In Minnesota, coolers are just another picnic accessory. In places such as Iraq and Afghanistan, where temperatures typically range well above 100 degrees, their value is right up there with precious metals and Google stock.

Which is why Jeff Grates, a detention deputy with the Hennepin County Sheriff's Office, is collecting a couple dozen coolers to send to a deployed colleague in Afghanistan for parched troops. Grates knows what a difference a cooler can make: He's been deployed in the Middle East himself.

Grates' volunteer work is one facet of the Sheriff's Office SMART program, started by Sheriff Rich Stanek two years ago to ease the burden for department employees serving abroad. The program helps the newly deployed fill out the endless paperwork, keeps in touch with them, fills needs during deployment and provides retraining after they return.

It's been so successful that the Sheriff's Office is getting an achievement award next month from the National Association of Counties.

"If we don't take care of our employees, we know we'll lose them for the longer term," Stanek said.

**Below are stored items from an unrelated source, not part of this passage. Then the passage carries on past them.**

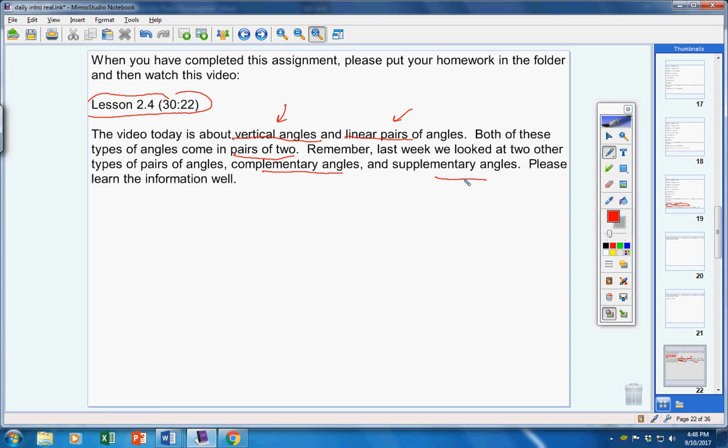So, please learn this information well, and make sure you know your four types of angles that come in pairs. Vertical angles, linear pairs, complementary angles, and supplementary angles.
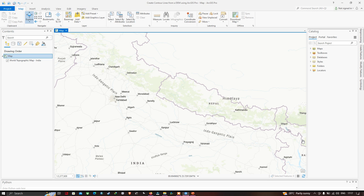Hello everyone, welcome to the channel. Today I will show you how to generate contour lines using a digital elevation model in ArcGIS Pro. Let's get started.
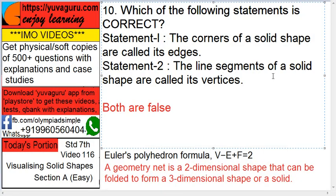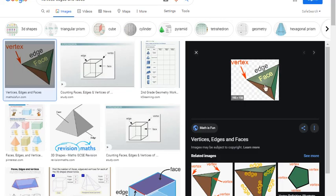Statement 2: the line segments of a solid shape are called its vertices. Line segments of a solid shape means these line segments — these are called edges. So both of them are called edges.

At the same time, he added, he wants to make sure that Sheriff's Office personnel safely transition from trained warriors to peacekeepers for the public's sake as well as their own.

An average of a dozen Sheriff's Office employees serve abroad at any one time. Hennepin County reimburses them, like all county workers, for the difference between their military and civilian pay.

Grates recently retired as a technical sergeant after more than 22 years in the U.S. Air Force Reserves. Six of those years were spent on active duty in Kuwait and Iraq. He's worked at the county jail for eight years and hopes before long to become a licensed deputy.

Stanek called Grates three times when he was in Iraq. "He wanted to know if I needed anything and he was concerned about my safety," Grates said. Now he figures it's time to return the favor.